Electronic Arts agreed with this idea of user-generated games, launching a tool for creating games at its new SimsCarnival web site. Those simple menu-based and visual tools made the whole process look a lot easier. EA tested the tools on 100 employees and they made more than 500 games in a month. I think this means that if you make it easy enough, you can turn anyone into a game developer. I vowed to make my own game one day, though I may not be putting my name on it.

Satchell said it would even be possible for the hobbyists creating games on the Xbox 360 to take the same XNA code and get the same game to run on the Microsoft Zune media player. I thought it was a very timid way for Microsoft to announce games on the Zune. I wrote about the potential for the Zune project to take on Nintendo and Sony in games a long time ago. But this is really like dipping its toes in the water.

Nintendo doesn’t feel threatened by this move, or by user-generated games in general. Reggie Fils-Aime, president of Nintendo of America, said in an interview that he wanted to make it clear that WiiWare, Nintendo’s own version of this, is aimed at game professionals. He said that with WiiWare, accredited developers can create their own Wii games, get their games rated by the governing Entertainment Software Ratings Board at their own expense, and then submit them to Nintendo.

Fils-Aime said that Nintendo will upload them to the WiiWare site, where gamers with Internet-connected Wiis can download them to their own machines. The ESRB rating costs some money and takes perhaps four weeks to get it done.
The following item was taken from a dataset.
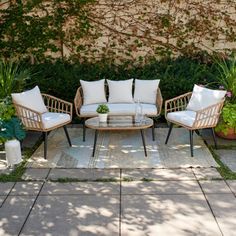 two chairs and a coffee table in front of a wall with plants on the side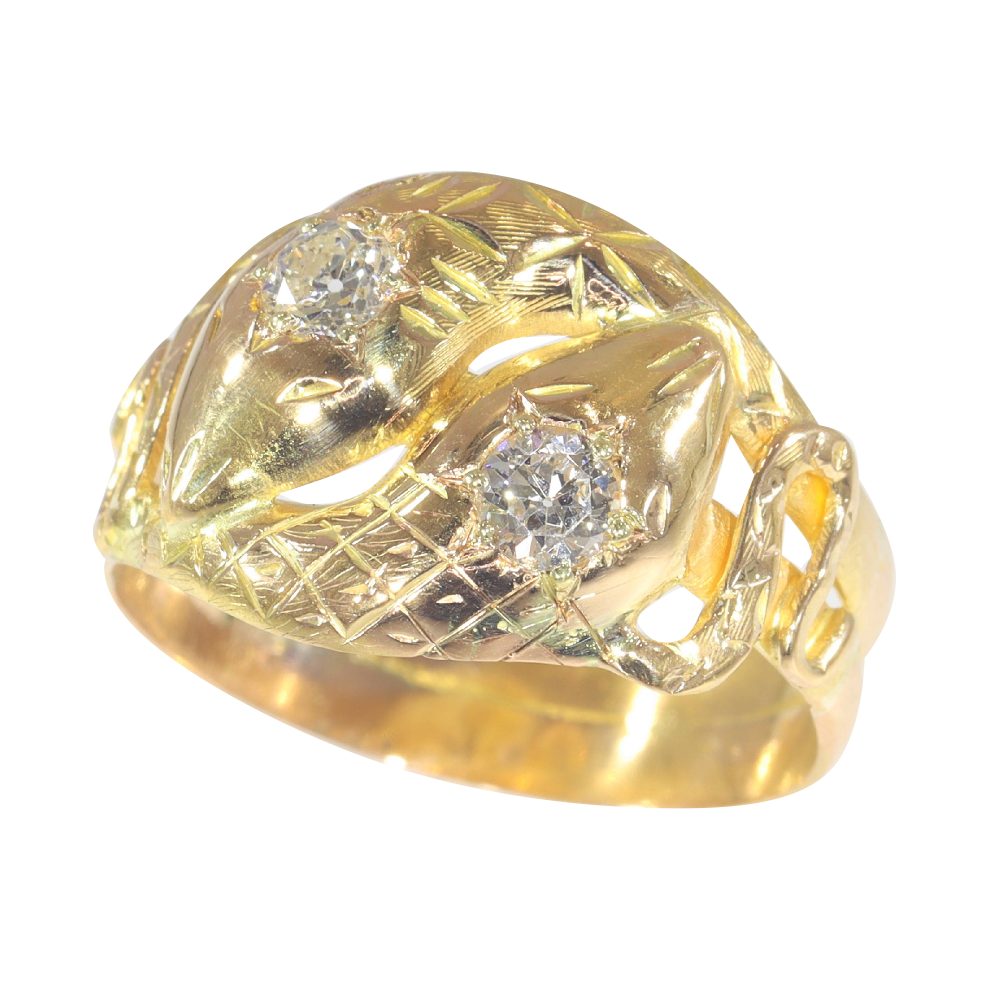 Antique serpent diamond ring in gold.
“We provide no screening, no guidance for the developer,” Fils-Aime said. “Where we come into play is the discussion around when does it get launched.” Nintendo doesn’t want similar games, for instance, to launch at the very same time.

“It really is a different model than what Microsoft announced,” Fils-Aime said.

The distinction between Microsoft and Nintendo was a classic one. Microsoft doesn’t know where the next Tetris will come from and is enabling an army of developers to create their own games. That’s the same game plan that enabled Windows to conquer the world. The best rated games will rise to the top, Satchell told me. By the end of this year, user-generated games could double the number of games on the Xbox 360 console.

Nintendo, by contrast, has always known where the next Tetris will come from: its own trusted game developers such as Shigeru Miyamoto. It doesn’t want a flood of titles on its own console, but it doesn’t want to present barriers to talented game developers.

It didn’t say so, but Nintendo doesn’t want the amateurs on the platform. It’s anybody’s bet how this is going to turn out. User-generated games might turn out to be a headache. Microsoft said the peer review process will weed out games with “white power” themes and such. But in a day when AAA-rated games are produced over a couple of years by teams with more than 100 people, it’s hard to see user-generated games being competitive enough, at least on the console platforms.